== Try it ==
Would you restate the entries below word for word, starting at the first line and ending with the one that has "15290 SW 82nd Ave, Palmetto Bay FL 33157"?

Supplied material Start Marker

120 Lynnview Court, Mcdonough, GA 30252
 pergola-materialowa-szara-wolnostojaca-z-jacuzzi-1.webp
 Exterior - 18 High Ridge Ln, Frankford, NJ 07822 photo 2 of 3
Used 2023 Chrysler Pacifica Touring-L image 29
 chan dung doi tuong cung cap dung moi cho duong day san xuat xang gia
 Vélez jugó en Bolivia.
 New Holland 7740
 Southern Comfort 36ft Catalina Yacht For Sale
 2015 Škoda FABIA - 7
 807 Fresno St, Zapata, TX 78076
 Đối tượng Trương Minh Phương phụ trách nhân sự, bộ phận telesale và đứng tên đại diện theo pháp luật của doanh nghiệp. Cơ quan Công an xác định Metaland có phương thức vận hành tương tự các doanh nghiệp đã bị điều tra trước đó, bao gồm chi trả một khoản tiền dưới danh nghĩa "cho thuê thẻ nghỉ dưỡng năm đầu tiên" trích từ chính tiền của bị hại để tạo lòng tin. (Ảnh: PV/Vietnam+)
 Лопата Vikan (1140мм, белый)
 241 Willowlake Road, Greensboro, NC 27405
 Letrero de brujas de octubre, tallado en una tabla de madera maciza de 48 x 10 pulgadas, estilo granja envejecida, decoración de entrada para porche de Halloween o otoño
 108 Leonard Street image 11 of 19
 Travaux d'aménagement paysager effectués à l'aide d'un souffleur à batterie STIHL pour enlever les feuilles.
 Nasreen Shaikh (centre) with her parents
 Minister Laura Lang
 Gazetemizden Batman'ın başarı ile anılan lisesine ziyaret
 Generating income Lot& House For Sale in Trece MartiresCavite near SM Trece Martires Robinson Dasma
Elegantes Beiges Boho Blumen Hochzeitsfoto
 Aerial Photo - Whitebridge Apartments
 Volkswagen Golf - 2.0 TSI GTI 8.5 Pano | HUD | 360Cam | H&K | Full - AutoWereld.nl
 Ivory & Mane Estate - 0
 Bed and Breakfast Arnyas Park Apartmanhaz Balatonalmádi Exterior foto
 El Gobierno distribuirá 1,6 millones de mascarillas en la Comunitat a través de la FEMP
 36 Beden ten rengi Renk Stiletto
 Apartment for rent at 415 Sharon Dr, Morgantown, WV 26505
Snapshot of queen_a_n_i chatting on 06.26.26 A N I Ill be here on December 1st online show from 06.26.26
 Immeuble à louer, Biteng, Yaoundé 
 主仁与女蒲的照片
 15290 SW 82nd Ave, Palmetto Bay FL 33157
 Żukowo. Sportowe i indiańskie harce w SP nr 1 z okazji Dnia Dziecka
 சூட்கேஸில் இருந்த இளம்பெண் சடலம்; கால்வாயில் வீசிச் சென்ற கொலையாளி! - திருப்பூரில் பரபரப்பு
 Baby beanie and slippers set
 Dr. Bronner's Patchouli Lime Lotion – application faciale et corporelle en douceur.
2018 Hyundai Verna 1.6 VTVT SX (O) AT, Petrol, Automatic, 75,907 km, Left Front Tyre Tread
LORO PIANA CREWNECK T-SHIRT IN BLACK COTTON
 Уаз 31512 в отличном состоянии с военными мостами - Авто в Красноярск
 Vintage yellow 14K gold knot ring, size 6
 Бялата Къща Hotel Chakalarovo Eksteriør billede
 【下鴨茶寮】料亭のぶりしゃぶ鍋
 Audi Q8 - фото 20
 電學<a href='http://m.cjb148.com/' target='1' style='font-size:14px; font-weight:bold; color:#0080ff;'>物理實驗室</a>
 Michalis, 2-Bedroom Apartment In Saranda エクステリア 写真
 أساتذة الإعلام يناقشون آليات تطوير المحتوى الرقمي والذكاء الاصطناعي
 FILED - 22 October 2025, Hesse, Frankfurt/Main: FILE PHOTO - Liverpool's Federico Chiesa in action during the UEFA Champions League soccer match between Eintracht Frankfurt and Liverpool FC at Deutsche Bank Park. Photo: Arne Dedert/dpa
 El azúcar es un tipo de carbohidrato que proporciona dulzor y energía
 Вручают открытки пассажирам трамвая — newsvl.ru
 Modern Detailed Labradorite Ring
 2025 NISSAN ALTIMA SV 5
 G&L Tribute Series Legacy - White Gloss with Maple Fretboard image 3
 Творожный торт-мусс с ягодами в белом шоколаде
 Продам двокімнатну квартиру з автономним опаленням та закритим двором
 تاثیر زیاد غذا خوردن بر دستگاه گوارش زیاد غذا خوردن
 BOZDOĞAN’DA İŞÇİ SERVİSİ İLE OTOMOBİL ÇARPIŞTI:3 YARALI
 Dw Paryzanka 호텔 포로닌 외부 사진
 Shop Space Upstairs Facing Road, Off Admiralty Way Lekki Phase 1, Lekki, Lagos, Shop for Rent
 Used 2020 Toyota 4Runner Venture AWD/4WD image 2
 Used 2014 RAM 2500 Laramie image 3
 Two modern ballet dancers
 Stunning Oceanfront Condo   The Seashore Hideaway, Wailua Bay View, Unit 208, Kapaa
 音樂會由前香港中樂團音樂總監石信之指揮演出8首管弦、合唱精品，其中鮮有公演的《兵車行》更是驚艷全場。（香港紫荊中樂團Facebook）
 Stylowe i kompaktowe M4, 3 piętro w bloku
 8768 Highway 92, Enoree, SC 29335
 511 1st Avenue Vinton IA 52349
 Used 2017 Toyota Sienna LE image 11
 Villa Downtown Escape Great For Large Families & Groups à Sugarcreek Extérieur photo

Supplied material End Marker

== Result for this task ==
120 Lynnview Court, Mcdonough, GA 30252
 pergola-materialowa-szara-wolnostojaca-z-jacuzzi-1.webp
 Exterior - 18 High Ridge Ln, Frankford, NJ 07822 photo 2 of 3
Used 2023 Chrysler Pacifica Touring-L image 29
 chan dung doi tuong cung cap dung moi cho duong day san xuat xang gia
 Vélez jugó en Bolivia.
 New Holland 7740
 Southern Comfort 36ft Catalina Yacht For Sale
 2015 Škoda FABIA - 7
 807 Fresno St, Zapata, TX 78076
 Đối tượng Trương Minh Phương phụ trách nhân sự, bộ phận telesale và đứng tên đại diện theo pháp luật của doanh nghiệp. Cơ quan Công an xác định Metaland có phương thức vận hành tương tự các doanh nghiệp đã bị điều tra trước đó, bao gồm chi trả một khoản tiền dưới danh nghĩa "cho thuê thẻ nghỉ dưỡng năm đầu tiên" trích từ chính tiền của bị hại để tạo lòng tin. (Ảnh: PV/Vietnam+)
 Лопата Vikan (1140мм, белый)
 241 Willowlake Road, Greensboro, NC 27405
 Letrero de brujas de octubre, tallado en una tabla de madera maciza de 48 x 10 pulgadas, estilo granja envejecida, decoración de entrada para porche de Halloween o otoño
 108 Leonard Street image 11 of 19
 Travaux d'aménagement paysager effectués à l'aide d'un souffleur à batterie STIHL pour enlever les feuilles.
 Nasreen Shaikh (centre) with her parents
 Minister Laura Lang
 Gazetemizden Batman'ın başarı ile anılan lisesine ziyaret
 Generating income Lot& House For Sale in Trece MartiresCavite near SM Trece Martires Robinson Dasma
Elegantes Beiges Boho Blumen Hochzeitsfoto
 Aerial Photo - Whitebridge Apartments
 Volkswagen Golf - 2.0 TSI GTI 8.5 Pano | HUD | 360Cam | H&K | Full - AutoWereld.nl
 Ivory & Mane Estate - 0
 Bed and Breakfast Arnyas Park Apartmanhaz Balatonalmádi Exterior foto
 El Gobierno distribuirá 1,6 millones de mascarillas en la Comunitat a través de la FEMP
 36 Beden ten rengi Renk Stiletto
 Apartment for rent at 415 Sharon Dr, Morgantown, WV 26505
Snapshot of queen_a_n_i chatting on 06.26.26 A N I Ill be here on December 1st online show from 06.26.26
 Immeuble à louer, Biteng, Yaoundé 
 主仁与女蒲的照片
 15290 SW 82nd Ave, Palmetto Bay FL 33157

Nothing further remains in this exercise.